知里幸恵

知里幸恵(ちりゆきえ 1903年6月8日生)
 [アイヌ人女性]



 北海道出身。1920年11月、知里幸恵が17歳の時に、金田一京助に勧められて幼い頃から祖母モナシノウクや叔母の金成マツより聞いていた「カムイユカラ」を金田一から送られてきたノートにアイヌ語で記し始める。翌年、そのノートを金田一京助に送る。1922年に『アイヌ神謡集』の草稿執筆を開始。金田一の勧めにより同年5月に上京。幸恵は重度の心臓病を患っていたが、翻訳・編集・推敲作業を続け、同年9月に金田一家で原稿を書き終えた。

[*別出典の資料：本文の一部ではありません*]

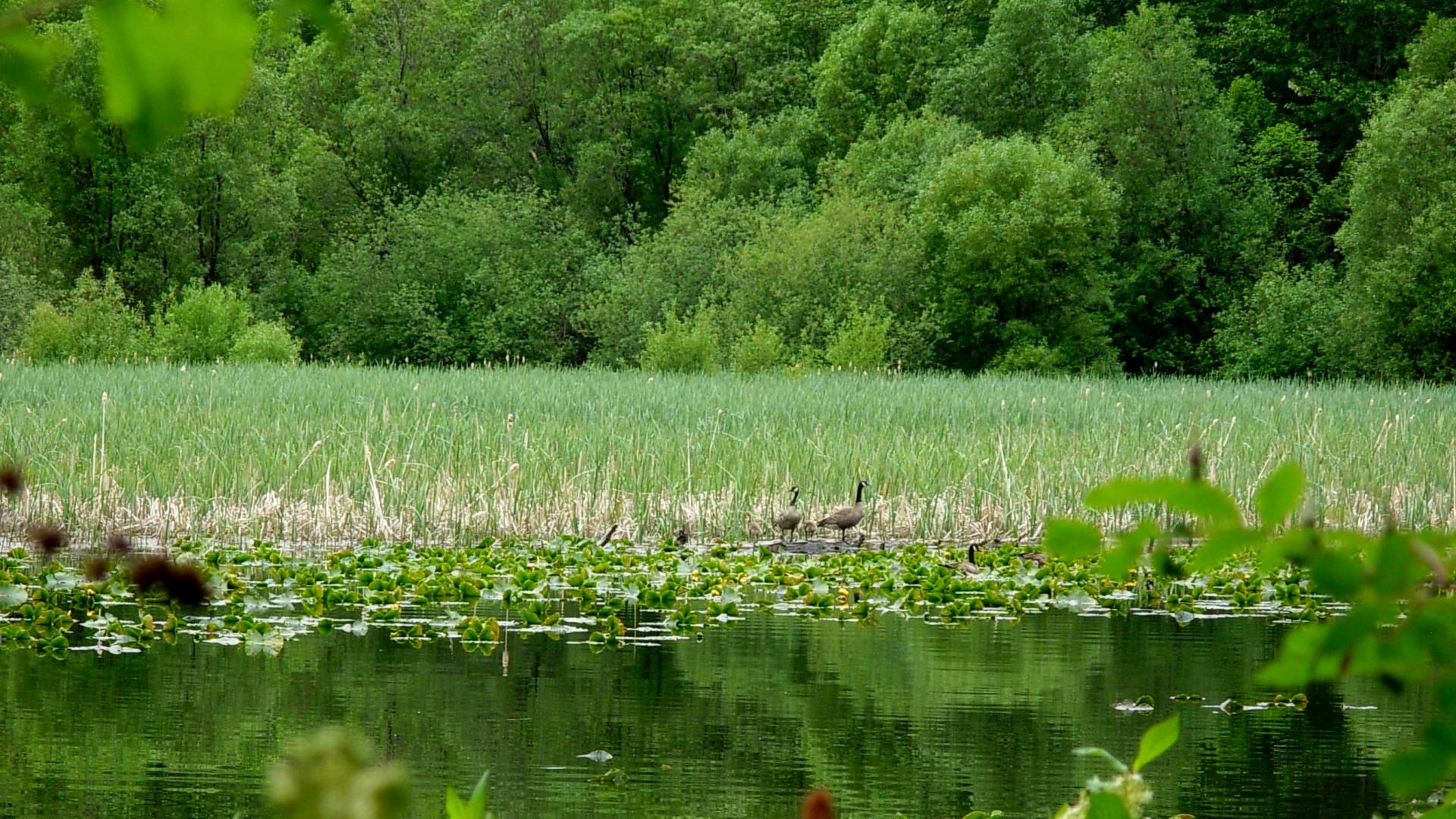 Riverside Wetlands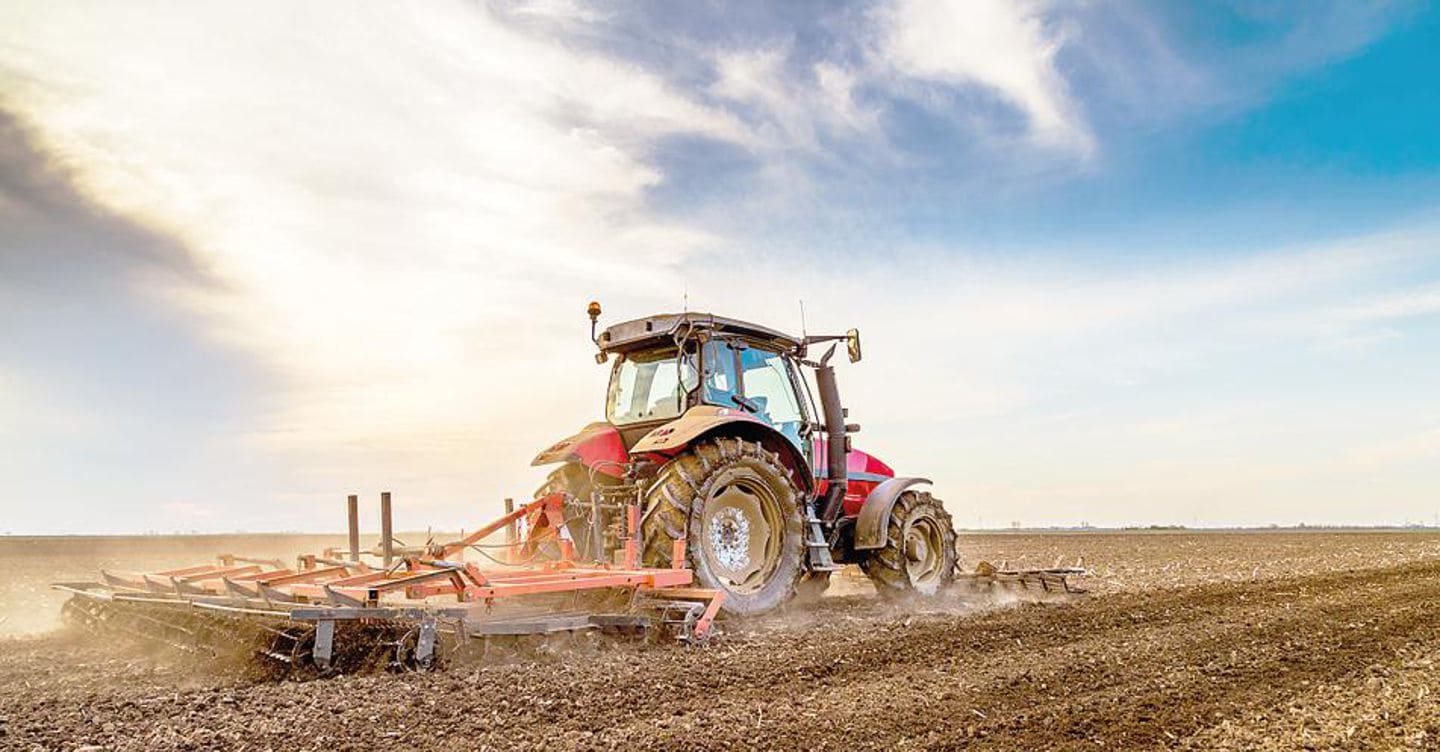 Agricoltura e pesca in Manovra, misure per 1,5 miliardi: ecco dove interverrà il Governo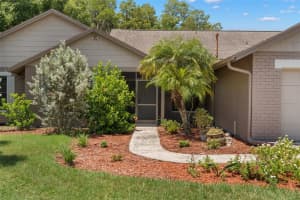 16318 COURSE DRIVE, TAMPA, FL 33624 Sold 09/30/24
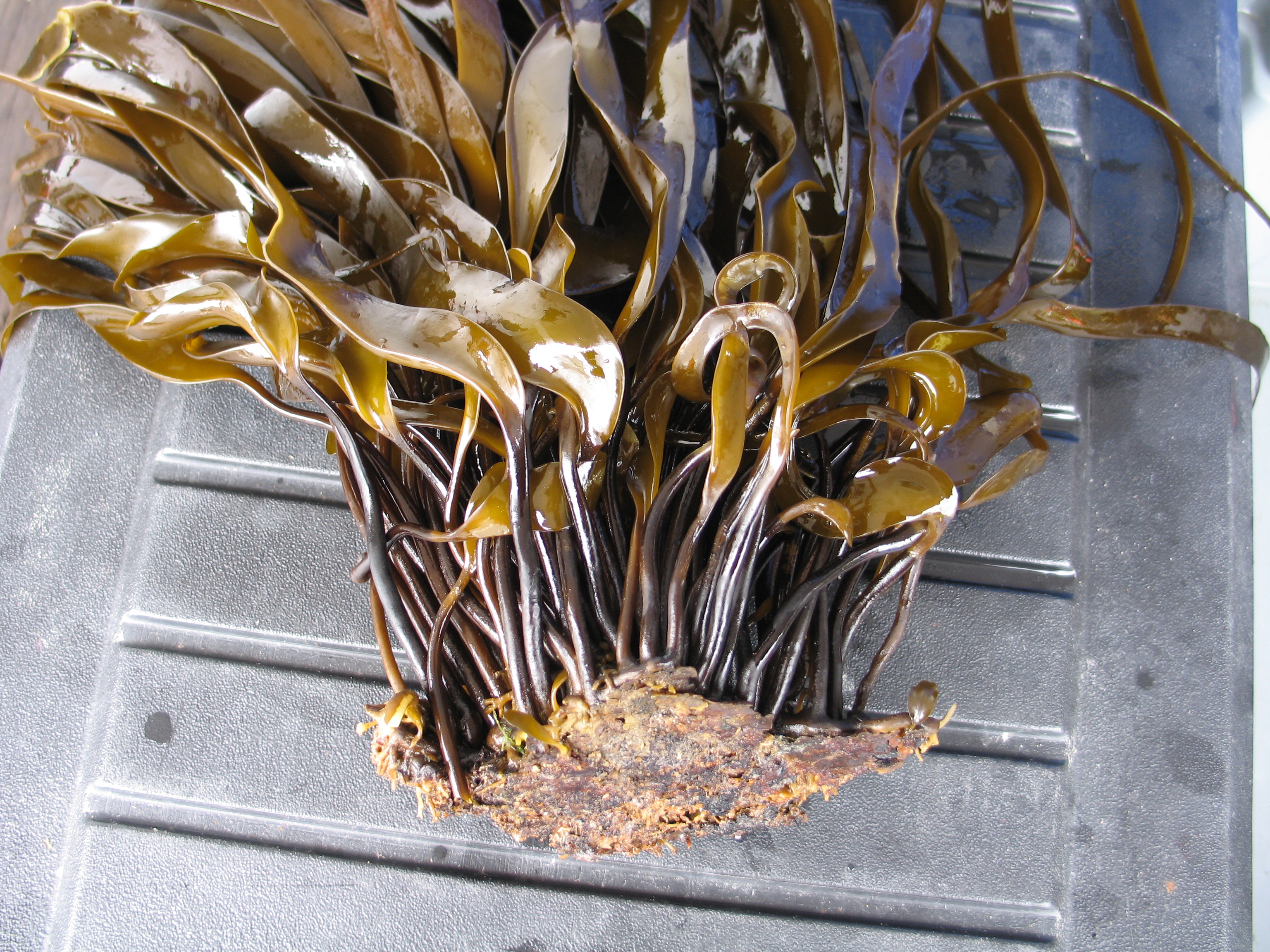 Laminaria repens – M. Lindeberg · Aleutian Islands · July 2006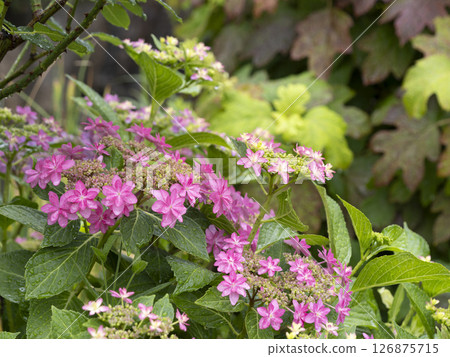 被雨淋濕的繡球花 126875715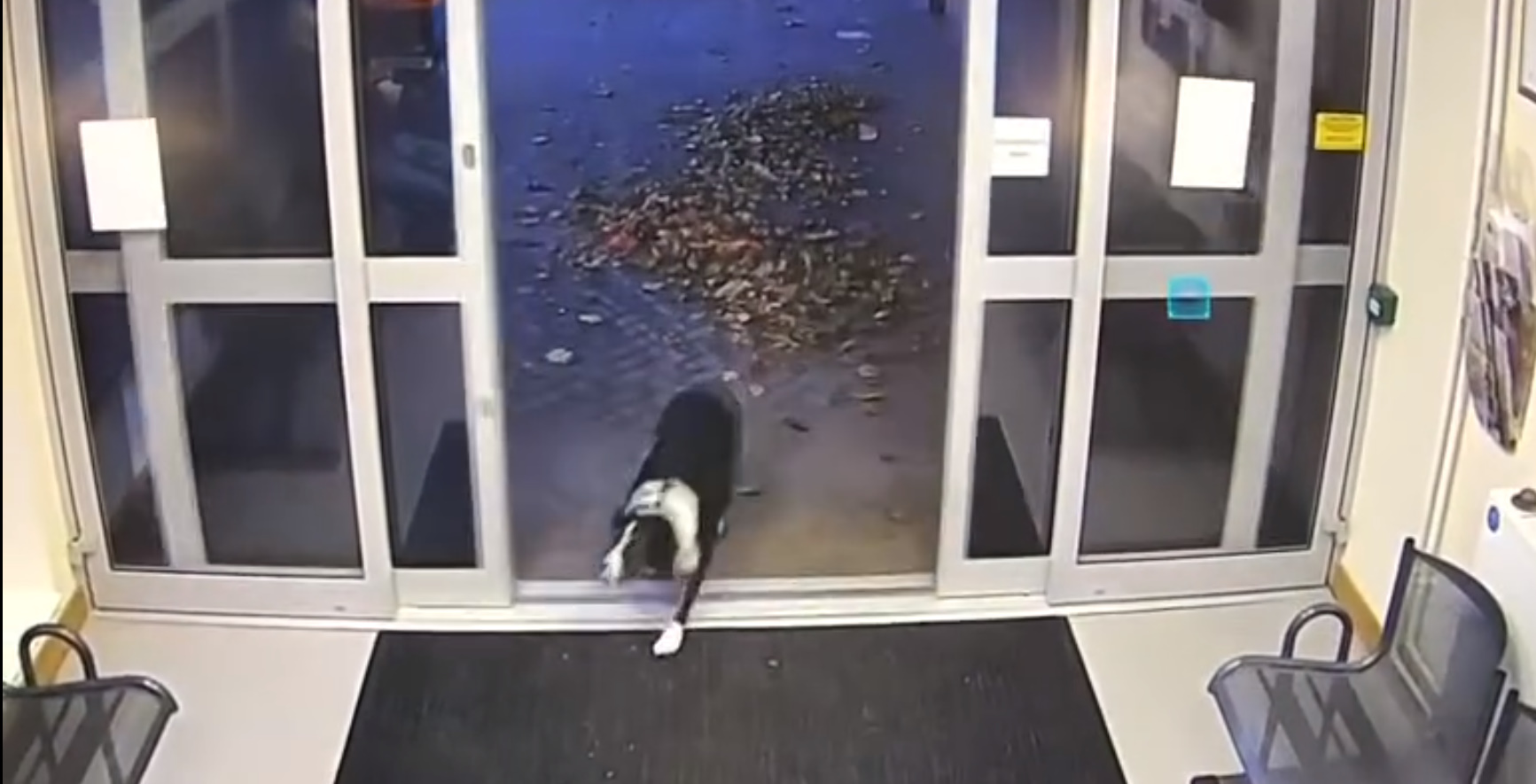 photo of dog walking into police station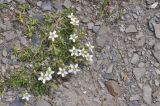 Minuartia oreina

 校正も済ませ後は発行するだけの状態にまでに仕上げたが、同年9月18日、心臓麻痺により急逝。翌年の1923年に金田一の尽力によって『アイヌ神謡集』を上梓し、郷土研究社から発行された。

 『アイヌ神謡集』の出版は絶滅の危機に瀕していたアイヌ文化アイヌ民族に自信と光を与え、重大な復権・復活の転機となった。また当時新聞にも大きく取り上げられ、多くの人が知里幸恵を、そしてアイヌの伝統・文化・言語・風習を知ることとなった。